If $\{ e_1, \dots, e_n \}$ is an orthonormal basis, the Hilbert-Schmidt norm of $A$ is defined as

$$\| A \| ^2 = \sum _{i=1} ^n \| A e_i \| ^2 = \sum _{i=1} ^n \langle A e_i, A e_i \rangle = \sum _{i=1} ^n \langle A^t A e_i, e_i \rangle = \operatorname{Tr} (A^tA) \ ,$$

where $A^t$ denotes the transpose of $A$.

Now, if $\{ f_1, \dots, f_n \}$ is another orthonormal basis, let $M$ be the transition matrix between them, i.e. $f_i = \sum _j M_{ij} e_j$. Since it is a transition matrix between orthonormal bases, $M$ will be orthogonal, i.e. $M^t M = I_n$ or, equivalently, $\sum _{j=1} ^n (M^t)_{ij} M_{jk} = \delta_{ik}$, with $\delta_{ik}$ being Kronecker's symbol.

Then

$$\sum _{j=1} ^n \| A f_j \| ^2 = \sum _{j=1} ^n \langle A f_j, A f_j \rangle = \sum _{j=1} ^n \langle A^t A f_j, f_j \rangle = \sum _{j=1} ^n \langle A^t A \sum _{i=1} ^n M_{ji} e_i, \sum _{k=1} ^n M_{jk} e_k \rangle = \\ = \sum _{i = 1} ^n \sum _{k = 1} ^n \langle A^t A e_i, e_k \rangle \sum _{j = 1} ^n M_{ji} M_{jk} = \sum _{i = 1} ^n \sum _{k = 1} ^n \langle A^t A e_i, e_k \rangle \sum _{j = 1} ^n (M^t)_{ij} M_{jk} = \sum _{i = 1} ^n \sum _{k = 1} ^n \langle A^t A e_i, e_k \rangle \delta_{ik} = \\ \sum _{i = 1} ^n \langle A^t A e_i, e_i \rangle = \| A \| ^2 \ ,$$

which shows that, indeed, the definition of $\| A \|$ does not depend on the orthonormal basis used.

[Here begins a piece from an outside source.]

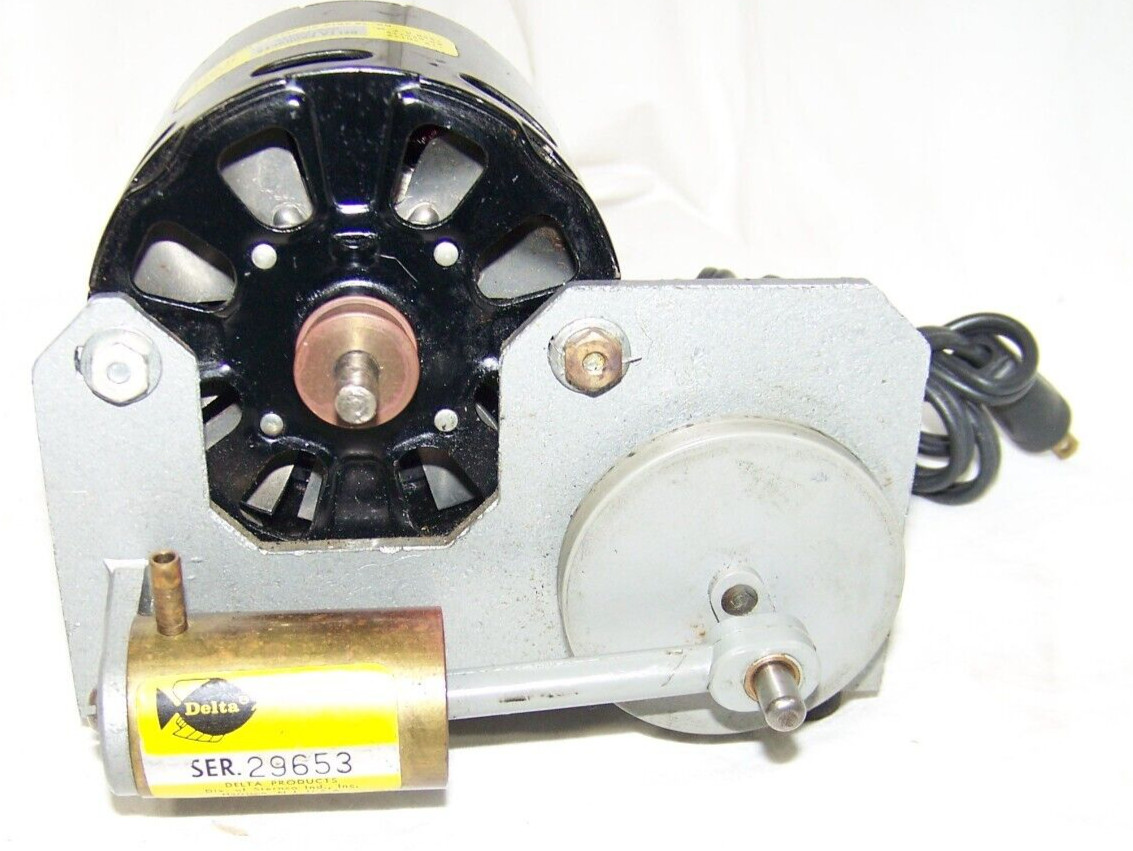 Vintage DELTA DELUXE PISTON PUMP Aquarium Piston Air Pump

If one does not use orthonormal bases, though, the above ceases to hold. Probably the simplest illustration of this is to take $A : \mathbb R \to \mathbb R$ given by $Ax = x$. Take $e_1 = 1$ and $f_1 = 2$. The Hilbert-Schmidt norm of $A$ in the basis $\{ e_1 \}$ is $\sum _{i=1} ^1 \| A e_i \| ^2 = | A e_1 | ^2 = |e_1|^2 = 1^2 = 1$, while the norm in the basis $\{ f_1 \}$ is $|A f_1|^2 = |f_1|^2 = 4$. This happens because the basis $\{ f_1 \}$ is not orthonomal, since $\| f_1 \| ^2 = f_1 \cdot f_1 = 2 \cdot 2 = 4 \ne 1$.